Джойс со смехом посчитал ему, сколько лет Елена прожила с Менелаем, прежде чем сбежала к Парису, сколько провела в Трое, а потом снова в Спарте, у Телемаха, и подвел итог чудовищной цифрой возраста Елены, когда ее в аду встречает Алигьери. Шварц упрямился:
— И все равно она остается навечно прекраснейшей из женщин, которой восхищались старцы у врат! Вы убили Елену!
Джойс, заливаясь хохотом, повторял: «Убил Елену! Убил Елену!» Впоследствии его точно так же обвинят в «убийстве» Улисса и Пенелопы. Но пока его забавляло и то, что своих учеников Станислаус учил по «Дублинцам». Он перевел их на «Гамлета».
На уроках и после них, за графином белого в траттории «Бонавиа» Джойс с учениками разговаривал о многом и бывал резок и непримирим. Терпеть не мог Вагнера и повальной моды на него, говорил, что от творца «Нибелунгов» несет дешевой сексуальностью, и хвалил Беллини. Оспаривал и мнение об итальянском как о лучшем языке поэзии — слишком грузен, слишком часто использует свои семь гласных подряд. Лучше всего для поэзии английский: много гласных, много аллофонов, куда более тонкая инструментовка стиха. «Самый чудесный язык мира». Именно тогда он принес свое новое стихотворение, «Простое», посвященное Лючии. Шварц, увлеченный Бенедетто Кроче и его экспрессионизмом, сказал, что Джойс не прав, поясняя смысл, ибо стихотворение — это чистая музыка. Джойс выслушал его со вниманием и ответил: «Ты все понял». Много позже он так же будет отстаивать толкование «Поминок по Финнегану» как текстомузыки. Но разговор о психоанализе оказался менее удачным: Джойс решительно отказался признать правоту Фрейда и фыркал над «механической символикой». Зато много раз обсуждалась тема национальных различий. Как-то раз Джойс соотнес семь смертных грехов с европейскими нациями. Обжорство досталось англичанам, гордыня — французам, гневливость — испанцам, похоть — почему-то немцам, а вот праздность, увы, — славянам. I «Итальянский грех? Алчность», — безапелляционно утверждал он. Столько раз его надували торговцы! Как безжалостно его обобрали в Риме! Как мучили его квартирохозяева из-за паршивых долгов!

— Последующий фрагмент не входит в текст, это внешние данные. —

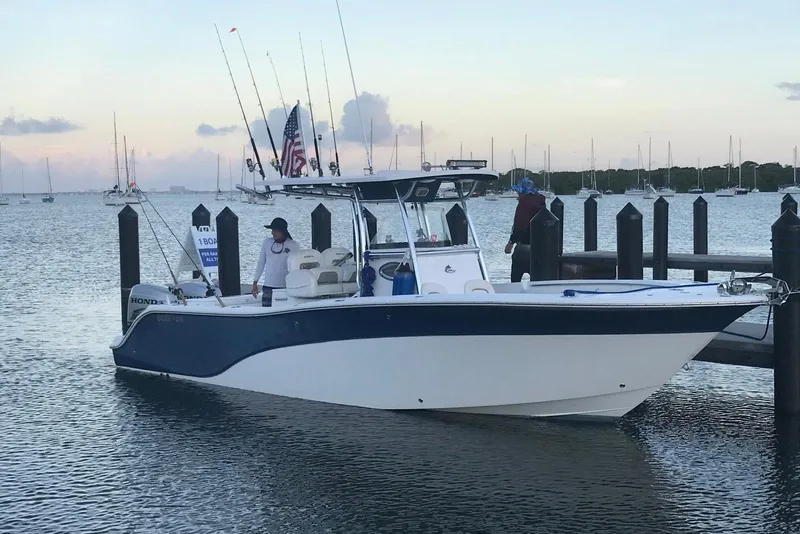Slide: The Image of 2009 Sea Fox 288 Commander boat docked at marina with fishing rods and American flag. - 3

Но Джойс не обделил и соплеменников: им он отвел зависть. Шварц поинтересовался: а каков же тогда смертный грех евреев? Джойс поразмыслил и сказал:
— Пожалуй, ни одного или один, но смертный… Распятие Иисуса.]
Другим спутником Джойса в эти дни был художник Туллио Сильвестри, венецианец по рождению, у которого была мастерская в Старом городе. В 1913 году он написал портреты Норы, а затем и Джойса. Сильвестри был живым, неунывающим и вечно безденежным. Убежденный импрессионист, он не работал углем, не делал набросков, начиная сразу на холсте, и порой добивался поразительных результатов. Но чаще Сильвестри и Джойс пели и пили. Джойс был поражен талантом Сильвестри выбираться из самых тяжелых финансовых кризисов, а уж он и сам был в этом деле мастер; несколько раз, как писал Сильвестри, он просто отдавал ему все, что набиралось в карманах. Хотя Сильвестри очень изобретательно продавал свои картины, это скорее была игра с богатыми. Этторе Шмицу он принес загадочный пакет, сказал, что там пальто и ботиночки для дочери, и предложил ему посмотреть. В пакете оказалась последняя картина Сильвестри, которую Шмиц был вынужден купить. В августе 1914-го Сильвестри отчаянно искал деньги, чтобы уехать с семьей в Италию, и вечно нищий Джойс дал ему сто крон.
Италия вступила в войну в мае 1915-го. Джойса это не восхитило; «Зря итальянцы думают, что это будет кекуок[93] по Вене…» В злой шутке он обыграл маленький рост Виктора Эммануила и кайзера Вильгельма, потерявшего голос: «Это дуэль между человеком, которого не видно за двадцать шагов, и другим, которого не слышно на том же расстоянии».